Wyjątkowo wredny, podły! Jak to dobrze, że się skończył!
[Zwrotka 2]
Lipiec to Heineken, niezła luta, koncert Snoopa
W-Y-P 3, Filip, Dywan, Milupa
Na kwadrat rano z buta, o suchym ryju wracam
Ten kawałek podłogi w oczekiwaniu na kaca
Bang-bang w przedpokoju, poprawienie nastroju
Potem browar, Mazury, koncert, chwila spokoju
I znów Jastrzębia Góra, Low Rider, rap, skóra
Łeno tej akurat Zbychu nas odwiedza (Hurra!)
Sierpień, wakacje, bo roboty nie ma żadnej
Ja zaczynam go melanżem i tak skończę go poważnie
Nikomu z nas do śmiechu, tu znów dramat (Afera!)
Frajer w TIR-ze nam zabiera Młodego i Mc Gyawera
I co tera? Przecież jutro miał być mieć melanż pod palmą
A ta kurwa, co ich walnął, zbiegł z miejsca wypadku!
Wrzesień mym miesiącem, kilka scenicznych szarży
Jeden z długo pamiętanych londyńskich melanży
Wcześniej siedemnasty, kończę jebane dwa dziewięć
Melanż kameralny, coś jak ziemi trzęsienie
I znów te chore media chcą zajrzeć w mój życiorys
Przysrał się o "Głuchą noc" niejaki Stan Borys
W październiku rozpusta, Gala MMA, Pulsar
Znów najebka tłusta, na nogach nie mogę ustać
Już wykończony prawie przez after w DJ Pubie
Wstaję z wyciągu, by przywitać się z Komarem
Mój czarnuch na powietrzu, więc napijmy się wódki
Znów czas jest na zabawę i pierdolić wszystkie smutki
Czas wejść do studia, Druga Strefa drugim domem
Kilkanaście traków, każdy z nich będzie przebojem
Listopad, ruszam z kopa, pod mój rap pizga stopa
Nową płytę czas obwąchać, spodoba Ci się, chłopak
Czasem zastanawiam się, czy to kiedyś się zmieni
I nie wierzę Ci Pudyś, że jesteśmy skończeni
Jedna szmata coś tam gada, chciała pogrążyć gnoja
Zwykła pizda Latkowska na rozkładówce Playboya!

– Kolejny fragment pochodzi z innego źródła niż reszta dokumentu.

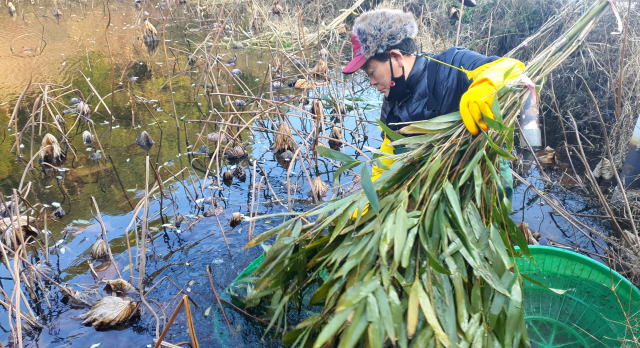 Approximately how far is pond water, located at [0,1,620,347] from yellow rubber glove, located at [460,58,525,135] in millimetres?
932

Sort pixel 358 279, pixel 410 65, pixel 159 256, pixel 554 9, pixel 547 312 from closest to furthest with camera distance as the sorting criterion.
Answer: pixel 358 279 → pixel 547 312 → pixel 410 65 → pixel 159 256 → pixel 554 9

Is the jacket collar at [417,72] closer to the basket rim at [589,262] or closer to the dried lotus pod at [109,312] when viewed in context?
the basket rim at [589,262]

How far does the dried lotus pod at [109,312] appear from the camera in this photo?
2.20 meters

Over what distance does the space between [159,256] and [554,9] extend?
5.11 m

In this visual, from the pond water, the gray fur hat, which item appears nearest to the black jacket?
the gray fur hat

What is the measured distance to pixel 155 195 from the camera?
11.8 feet

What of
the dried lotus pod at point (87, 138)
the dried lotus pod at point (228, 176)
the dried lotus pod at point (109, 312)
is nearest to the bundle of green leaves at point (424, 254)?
the dried lotus pod at point (109, 312)

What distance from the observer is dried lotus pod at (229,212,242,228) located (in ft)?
10.3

Grudzień, świąt nie lubię, a Sylwester to jak wyrok
Bez balu na te święta by się jakoś obyło
Najgłośniej na Jesiennej bardzo gruby był balecik
Kolędy, koks i wóda – jeszcze nie raz tak odlecisz!
Czas to gówno przepić, w Nowy Rok wchodzę na bani
Zero sześć skurwysynu, spróbuj nastrój mi poprawić!
[Refren]
Pierdolony zero piąty, uwolniłem się od klątwy!

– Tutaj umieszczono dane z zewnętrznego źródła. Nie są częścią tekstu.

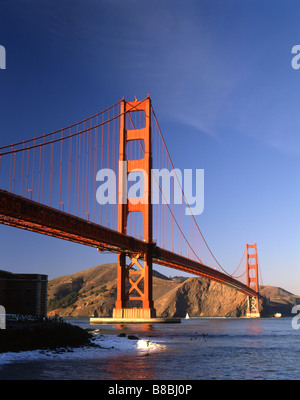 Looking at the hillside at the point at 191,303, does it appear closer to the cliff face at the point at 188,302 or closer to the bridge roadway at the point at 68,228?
the cliff face at the point at 188,302

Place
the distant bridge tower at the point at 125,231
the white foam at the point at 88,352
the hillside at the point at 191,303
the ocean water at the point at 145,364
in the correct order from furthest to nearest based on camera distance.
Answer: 1. the hillside at the point at 191,303
2. the distant bridge tower at the point at 125,231
3. the white foam at the point at 88,352
4. the ocean water at the point at 145,364

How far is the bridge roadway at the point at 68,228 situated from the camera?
3950 centimetres

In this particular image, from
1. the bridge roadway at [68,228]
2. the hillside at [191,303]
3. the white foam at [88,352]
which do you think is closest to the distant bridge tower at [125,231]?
the bridge roadway at [68,228]

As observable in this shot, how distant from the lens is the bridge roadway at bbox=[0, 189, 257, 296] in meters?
39.5

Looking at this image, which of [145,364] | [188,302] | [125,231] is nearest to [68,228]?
[125,231]

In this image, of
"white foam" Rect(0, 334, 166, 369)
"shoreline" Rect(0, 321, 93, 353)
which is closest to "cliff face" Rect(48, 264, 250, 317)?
"white foam" Rect(0, 334, 166, 369)

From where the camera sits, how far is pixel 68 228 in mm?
46812

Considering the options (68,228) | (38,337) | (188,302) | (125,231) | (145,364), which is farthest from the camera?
(188,302)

Rok wybitnie podły, podsumuję go: był wątły!
Kłopotliwy zero piąty to skurwysyn był okropny!
Wyjątkowo wredny, podły! Jak to dobrze, że się skończył!
Pierdolony zero piąty, uwolniłem się od klątwy!
Rok wybitnie podły, podsumuję go: był wątły!
Kłopotliwy zero piąty to skurwysyn był okropny!
Wyjątkowo wredny, podły! Jak to dobrze, że się skończył!